2019-09-08 17:00:02,798 INFO org.apache.hadoop.yarn.server.resourcemanager.scheduler.SchedulerNode (IPC Server handler 8 on 8030): Released container container_1546747261569_328693_01_000003 of capacity <memory:4096, vCores:1> on host <host_ip>:8041, which currently has 0 containers, <memory:0, vCores:0> used and <memory:30720, vCores:16> available, release resources=true

It makes sense to parse the events you are interested in into a Hive table for further analysis:

CREATE EXTERNAL TABLE yarn_rm_log_events (
  ts           string, 
  log_level    string, 
  source_class string, 
  type         string, 
  payload      string
);

In my case it contains the following sample data:

ts log_level source_class type payload
2019-09-08 17:00:00,798 INFO SchedulerNode Assigned container {“application_id”: … }
2019-09-08 17:00:02,798 INFO SchedulerNode Released container {“application_id”: … }

The most interesting part is the payload column:

{
  "application_id" : "application_1546747261569_328693", 
  "container_id" : "container_1546747261569_328693_01_000002", 
  "memory" : 4096, 
  "cores" : 1, 
  "host" : "host_ip:8041", 
  "containers_used" : 1, 
  "memory_used" : 4096, 
  "cores_used" : 1, 
  "memory_avail" : 12288, 
  "cores_avail" : 7
}

Now it is quite straightforward to get the start and end timestamp for each container:

select 
  get_json_object(payload,'$.application_id') app_id,
  get_json_object(payload,'$.container_id') container_id,
  min(case when type = 'Assigned container' then ts else null end) assigned_ts,
  max(case when type = 'Released container' then ts else null end) released_ts,
  max(get_json_object(payload,'$.memory')) memory, 
  max(get_json_object(payload,'$.cores')) cores, 
  max(get_json_object(payload,'$.host')) host
from yarn_rm_log_events
where source_class = 'SchedulerNode'
group by get_json_object(payload,'$.application_id'), get_json_object(payload,'$.container_id');

Then you can write a script to iterate every second from 00:00:00 to 23:59:59 and find out which containers were running that second and how much memory and CPU was consumed.

Here is my sample data:

second num of containers memory used cores used num of distinct applications
00:00:00 1 1024 1 1
00:00:01 2 2048 2 2
00:00:02 4 10240 4 2

The result has 86,400 rows i.e. the number of seconds in 24 hours. So now you know the exact per-second utilization of your cluster.

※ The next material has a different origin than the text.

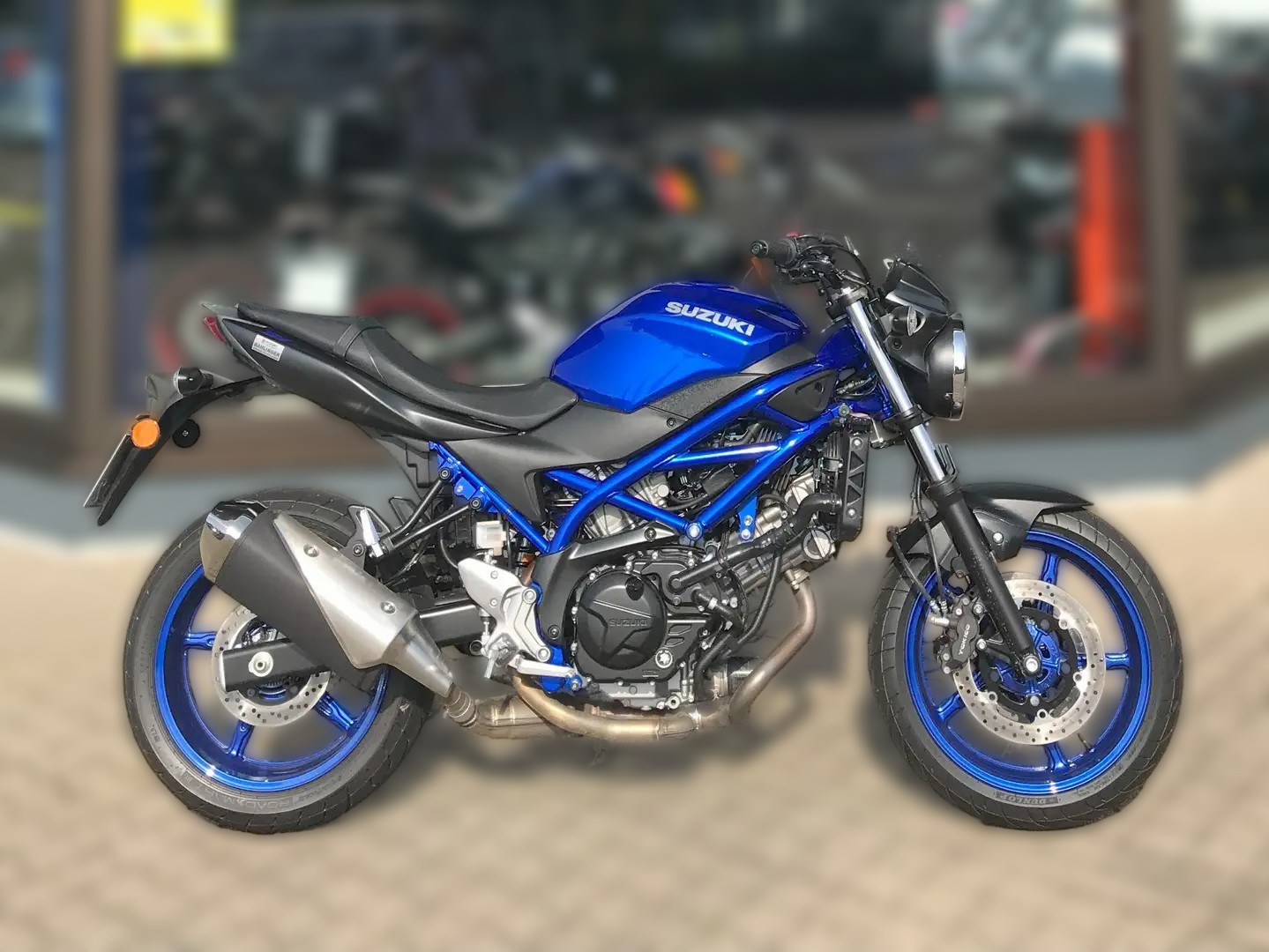 2024 Suzuki SV650 - 316 km - Náhled 20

Utilization of Fixed-Sized Clusters – No Auto-scaling

Using per-second utilization metrics you can calculate daily and hourly cluster utilization.

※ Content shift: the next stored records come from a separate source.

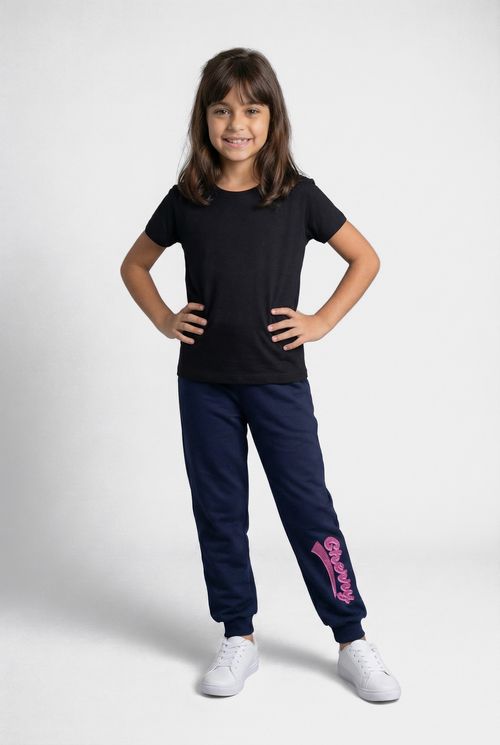 Calca inf10/16nas silk marinho marinho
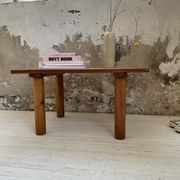 Table basse porte-bagages Rainer Daumiller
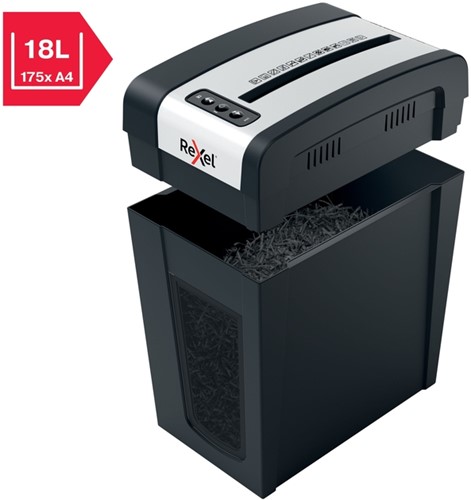 Papiervernietiger Rexel Secure MC6-SL 2x15mm 1 Stuk-16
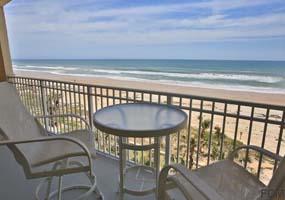 Oceanfront Balcony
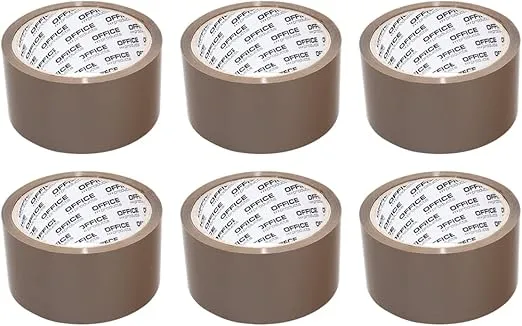 6 Rollen Paketband (Breite 48mm x Länge 46m) für 5,23 € inkl. Prime-Versand (statt 7,60 €)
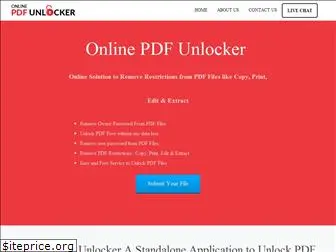 onlinepdfunlocker.com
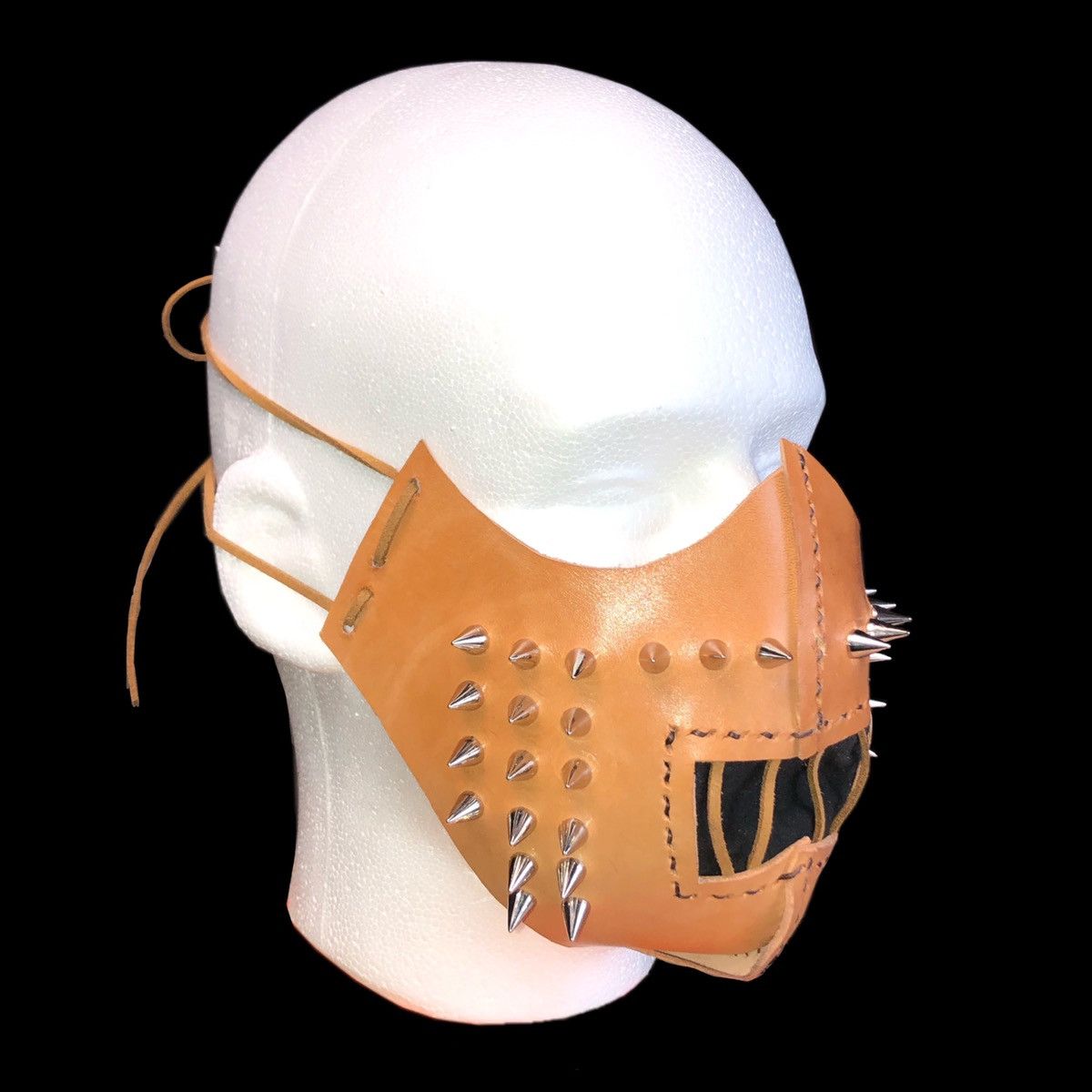 Other Basedbich leather face mask Size ONE SIZE - 2 Thumbnail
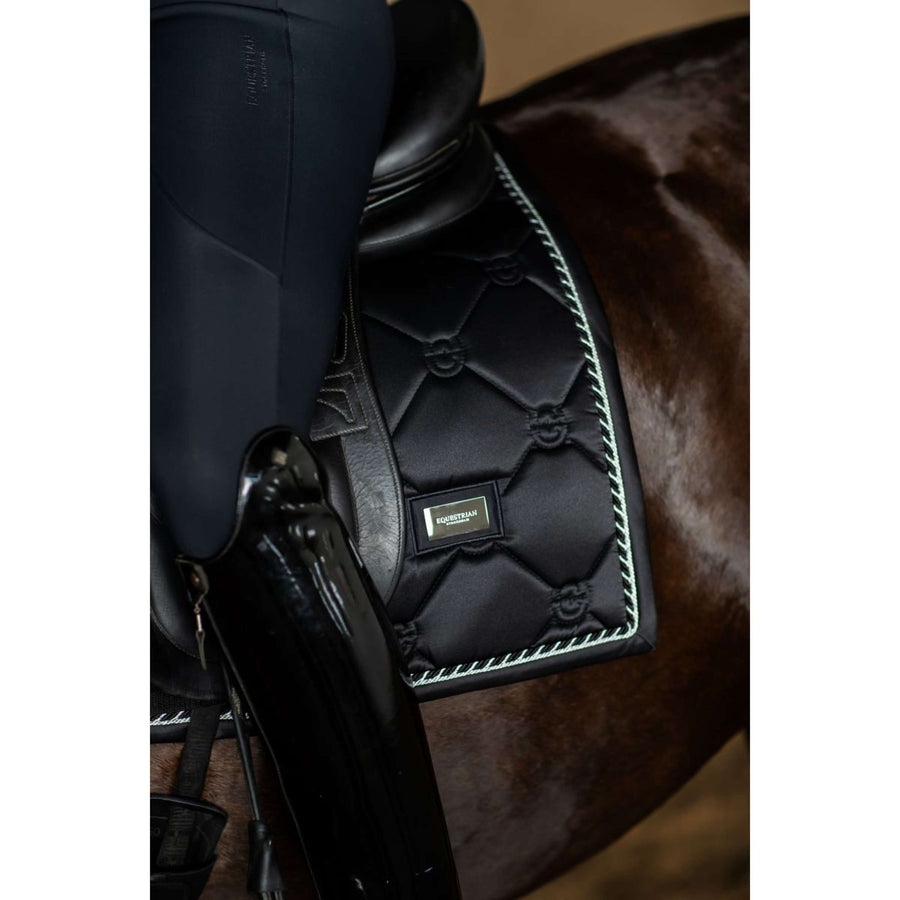 Equestrian Stockholm Saddlepad Dressage Black Edition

Let’s see how we can use this data to calculate the daily utilization for fixed-sized clusters i.e. clusters with the constant number of nodes.

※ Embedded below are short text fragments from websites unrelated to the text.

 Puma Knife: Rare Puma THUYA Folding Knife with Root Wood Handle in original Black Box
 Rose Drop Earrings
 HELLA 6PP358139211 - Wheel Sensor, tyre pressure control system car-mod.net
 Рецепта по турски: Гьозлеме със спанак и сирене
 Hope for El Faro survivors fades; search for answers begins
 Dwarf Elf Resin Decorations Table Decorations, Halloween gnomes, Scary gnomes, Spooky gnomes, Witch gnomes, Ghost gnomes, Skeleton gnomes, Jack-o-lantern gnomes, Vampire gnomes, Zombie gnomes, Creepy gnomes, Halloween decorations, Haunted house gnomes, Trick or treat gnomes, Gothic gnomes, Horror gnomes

                     sum(memory used)
Memory utilization = ----------------------------- * 100%
                     total cluster memory * 86,400 

The same is for CPU cores:

                  sum(cores used)
CPU utilization = ---------------------------- * 100%
                  total cluster cores * 86,400 

Besides simple averages you can also compute percentiles and apply various time-series analysis models and techniques.

The YARN Resource Manager logs can be very helpful to analyze the cluster utilization as well as troubleshoot various clusters and application issues.